▶ _Goal of the exercise_
Restate, word for word, every line of the data.

Excerpts from a dataset
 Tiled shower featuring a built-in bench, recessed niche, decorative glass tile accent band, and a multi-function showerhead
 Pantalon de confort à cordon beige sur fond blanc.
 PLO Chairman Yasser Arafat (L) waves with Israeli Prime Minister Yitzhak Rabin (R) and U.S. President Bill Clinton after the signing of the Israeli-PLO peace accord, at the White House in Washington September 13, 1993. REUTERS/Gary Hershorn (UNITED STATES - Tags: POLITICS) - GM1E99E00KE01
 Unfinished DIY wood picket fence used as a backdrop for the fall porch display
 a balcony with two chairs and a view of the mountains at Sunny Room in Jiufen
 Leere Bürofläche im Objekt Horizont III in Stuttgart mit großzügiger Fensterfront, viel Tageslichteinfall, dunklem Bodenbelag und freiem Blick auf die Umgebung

▶ _Finished exercise_
 Tiled shower featuring a built-in bench, recessed niche, decorative glass tile accent band, and a multi-function showerhead
 Pantalon de confort à cordon beige sur fond blanc.
 PLO Chairman Yasser Arafat (L) waves with Israeli Prime Minister Yitzhak Rabin (R) and U.S. President Bill Clinton after the signing of the Israeli-PLO peace accord, at the White House in Washington September 13, 1993. REUTERS/Gary Hershorn (UNITED STATES - Tags: POLITICS) - GM1E99E00KE01
 Unfinished DIY wood picket fence used as a backdrop for the fall porch display
 a balcony with two chairs and a view of the mountains at Sunny Room in Jiufen
 Leere Bürofläche im Objekt Horizont III in Stuttgart mit großzügiger Fensterfront, viel Tageslichteinfall, dunklem Bodenbelag und freiem Blick auf die Umgebung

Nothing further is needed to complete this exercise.